Your instructions: Only the lines from the one containing "Baby Pileated Woodpeckers" through the end of the listing belong in the answer, repeated exactly, with no pictures.

**** Information shown

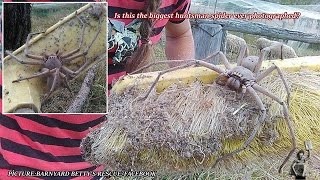 The biggest huntsman spider ever Gigantic arachnid snapped on a broom in Australia [upl. by Tterrab]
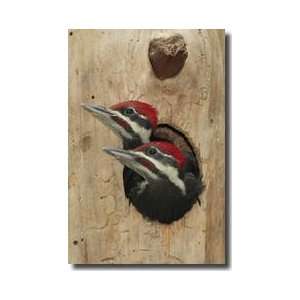 Baby Pileated Woodpeckers Peer From Nest North Carolina Giclee Print 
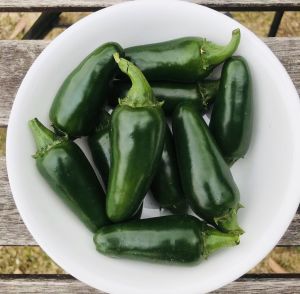 เมล็ดพันธุ์พริกจาราปิโน่ (Jalapeno Pepper) พริกแม็กซิกัน บรรจุ50-70เมล็ดนำเข้า พันธุ์แท้100% สายพันธุ์ OP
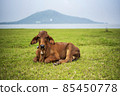 Brahman hybrids ,beef cattle, this picture You can use the images for farms or restaurant 85450778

********

Answer to the exercise:
 Baby Pileated Woodpeckers Peer From Nest North Carolina Giclee Print 
 เมล็ดพันธุ์พริกจาราปิโน่ (Jalapeno Pepper) พริกแม็กซิกัน บรรจุ50-70เมล็ดนำเข้า พันธุ์แท้100% สายพันธุ์ OP
 Brahman hybrids ,beef cattle, this picture You can use the images for farms or restaurant 85450778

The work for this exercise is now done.